• [Requirement]
From the entries below, report how many lines contain the string "where". Give only that number.

• [Information provided]
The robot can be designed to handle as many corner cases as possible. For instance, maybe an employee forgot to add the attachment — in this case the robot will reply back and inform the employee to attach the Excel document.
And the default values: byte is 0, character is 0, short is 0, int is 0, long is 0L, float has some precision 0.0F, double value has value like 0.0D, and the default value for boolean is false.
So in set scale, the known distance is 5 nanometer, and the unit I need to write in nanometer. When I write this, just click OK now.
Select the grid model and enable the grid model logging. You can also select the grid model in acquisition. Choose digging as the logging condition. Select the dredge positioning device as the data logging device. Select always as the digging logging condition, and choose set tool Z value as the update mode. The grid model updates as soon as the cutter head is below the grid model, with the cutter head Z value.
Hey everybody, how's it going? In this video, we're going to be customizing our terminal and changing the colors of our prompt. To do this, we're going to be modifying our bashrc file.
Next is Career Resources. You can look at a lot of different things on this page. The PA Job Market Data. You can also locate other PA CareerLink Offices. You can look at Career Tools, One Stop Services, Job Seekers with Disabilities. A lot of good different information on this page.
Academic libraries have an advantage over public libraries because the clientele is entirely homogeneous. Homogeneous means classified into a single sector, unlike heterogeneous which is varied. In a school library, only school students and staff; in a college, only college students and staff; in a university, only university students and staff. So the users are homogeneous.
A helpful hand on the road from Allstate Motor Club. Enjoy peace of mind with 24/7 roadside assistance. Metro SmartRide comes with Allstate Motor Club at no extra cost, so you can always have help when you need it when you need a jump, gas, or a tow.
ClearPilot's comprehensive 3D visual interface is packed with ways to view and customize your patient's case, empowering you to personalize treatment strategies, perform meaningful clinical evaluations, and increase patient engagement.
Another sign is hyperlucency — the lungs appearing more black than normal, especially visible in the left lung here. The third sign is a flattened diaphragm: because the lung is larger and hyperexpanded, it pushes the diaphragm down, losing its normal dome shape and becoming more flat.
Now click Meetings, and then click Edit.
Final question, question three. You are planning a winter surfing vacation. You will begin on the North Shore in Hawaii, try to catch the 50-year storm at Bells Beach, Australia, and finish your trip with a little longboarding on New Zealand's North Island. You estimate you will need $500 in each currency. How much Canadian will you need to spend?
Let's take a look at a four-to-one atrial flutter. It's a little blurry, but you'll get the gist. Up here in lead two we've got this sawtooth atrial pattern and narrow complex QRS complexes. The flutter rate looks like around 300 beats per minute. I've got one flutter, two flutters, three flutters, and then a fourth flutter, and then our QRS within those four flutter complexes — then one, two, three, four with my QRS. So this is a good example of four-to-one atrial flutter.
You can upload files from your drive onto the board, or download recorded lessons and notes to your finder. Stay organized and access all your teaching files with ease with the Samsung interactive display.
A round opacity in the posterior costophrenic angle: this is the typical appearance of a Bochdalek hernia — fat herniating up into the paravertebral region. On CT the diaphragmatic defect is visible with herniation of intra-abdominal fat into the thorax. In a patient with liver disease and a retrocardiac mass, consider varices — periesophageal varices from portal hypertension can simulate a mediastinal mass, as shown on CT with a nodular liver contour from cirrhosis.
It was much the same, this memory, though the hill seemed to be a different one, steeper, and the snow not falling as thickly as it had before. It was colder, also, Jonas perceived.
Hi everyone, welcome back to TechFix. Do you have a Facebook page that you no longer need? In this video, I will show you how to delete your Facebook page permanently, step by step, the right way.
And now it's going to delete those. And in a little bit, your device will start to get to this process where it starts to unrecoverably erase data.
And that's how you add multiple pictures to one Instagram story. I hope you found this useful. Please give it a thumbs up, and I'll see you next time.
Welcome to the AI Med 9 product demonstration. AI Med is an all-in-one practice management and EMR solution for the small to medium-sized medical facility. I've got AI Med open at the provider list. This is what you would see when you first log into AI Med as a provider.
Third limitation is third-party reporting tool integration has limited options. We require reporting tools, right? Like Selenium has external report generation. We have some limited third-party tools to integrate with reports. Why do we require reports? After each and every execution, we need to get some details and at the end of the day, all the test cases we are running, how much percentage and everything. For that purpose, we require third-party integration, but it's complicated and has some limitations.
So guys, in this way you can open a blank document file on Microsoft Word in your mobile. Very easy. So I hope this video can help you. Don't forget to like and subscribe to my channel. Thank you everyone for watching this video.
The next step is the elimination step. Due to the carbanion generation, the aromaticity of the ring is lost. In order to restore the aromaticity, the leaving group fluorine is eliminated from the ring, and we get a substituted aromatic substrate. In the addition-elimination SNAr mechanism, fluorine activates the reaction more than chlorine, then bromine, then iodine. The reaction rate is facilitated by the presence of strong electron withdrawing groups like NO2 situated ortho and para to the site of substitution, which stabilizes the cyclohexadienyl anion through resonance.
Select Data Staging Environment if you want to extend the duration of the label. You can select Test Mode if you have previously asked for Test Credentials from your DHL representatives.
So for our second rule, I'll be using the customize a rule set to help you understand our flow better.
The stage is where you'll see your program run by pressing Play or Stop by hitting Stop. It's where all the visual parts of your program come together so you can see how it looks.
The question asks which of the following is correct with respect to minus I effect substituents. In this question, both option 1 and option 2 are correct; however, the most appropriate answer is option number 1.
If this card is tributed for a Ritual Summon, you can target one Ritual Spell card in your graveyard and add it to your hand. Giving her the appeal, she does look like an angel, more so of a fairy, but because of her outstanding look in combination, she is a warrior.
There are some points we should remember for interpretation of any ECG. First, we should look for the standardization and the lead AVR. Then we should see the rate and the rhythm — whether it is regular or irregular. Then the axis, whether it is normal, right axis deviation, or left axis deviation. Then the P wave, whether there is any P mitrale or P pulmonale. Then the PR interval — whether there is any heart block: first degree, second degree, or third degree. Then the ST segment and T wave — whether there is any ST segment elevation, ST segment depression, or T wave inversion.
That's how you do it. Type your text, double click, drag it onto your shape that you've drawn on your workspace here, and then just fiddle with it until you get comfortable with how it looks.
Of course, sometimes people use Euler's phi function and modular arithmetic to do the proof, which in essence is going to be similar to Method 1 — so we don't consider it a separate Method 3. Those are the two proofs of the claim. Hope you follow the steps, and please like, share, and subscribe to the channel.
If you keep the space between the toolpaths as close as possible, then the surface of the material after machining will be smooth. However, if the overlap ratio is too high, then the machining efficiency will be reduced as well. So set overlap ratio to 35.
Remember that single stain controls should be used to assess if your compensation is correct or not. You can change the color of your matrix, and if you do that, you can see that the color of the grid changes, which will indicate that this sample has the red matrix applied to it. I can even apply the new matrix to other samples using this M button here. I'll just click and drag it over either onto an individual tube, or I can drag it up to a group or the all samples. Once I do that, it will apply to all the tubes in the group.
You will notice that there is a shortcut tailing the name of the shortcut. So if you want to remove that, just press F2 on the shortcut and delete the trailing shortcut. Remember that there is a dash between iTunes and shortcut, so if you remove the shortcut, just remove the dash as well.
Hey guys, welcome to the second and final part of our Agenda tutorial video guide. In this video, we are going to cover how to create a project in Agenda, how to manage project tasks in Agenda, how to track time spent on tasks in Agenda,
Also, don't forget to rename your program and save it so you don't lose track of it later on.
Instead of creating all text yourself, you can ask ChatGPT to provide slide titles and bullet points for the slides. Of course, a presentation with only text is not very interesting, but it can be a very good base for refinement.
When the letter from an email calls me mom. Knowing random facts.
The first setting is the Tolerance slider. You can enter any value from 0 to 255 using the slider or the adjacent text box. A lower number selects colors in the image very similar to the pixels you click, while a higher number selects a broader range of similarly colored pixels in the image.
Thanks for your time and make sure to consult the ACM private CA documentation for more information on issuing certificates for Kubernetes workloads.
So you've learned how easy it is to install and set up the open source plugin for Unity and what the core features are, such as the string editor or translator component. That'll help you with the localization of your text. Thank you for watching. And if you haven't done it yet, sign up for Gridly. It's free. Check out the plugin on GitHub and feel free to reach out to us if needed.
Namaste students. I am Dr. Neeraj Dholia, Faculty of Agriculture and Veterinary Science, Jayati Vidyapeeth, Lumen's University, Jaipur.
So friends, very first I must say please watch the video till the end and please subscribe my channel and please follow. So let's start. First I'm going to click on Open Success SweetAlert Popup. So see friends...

• [Response box]
2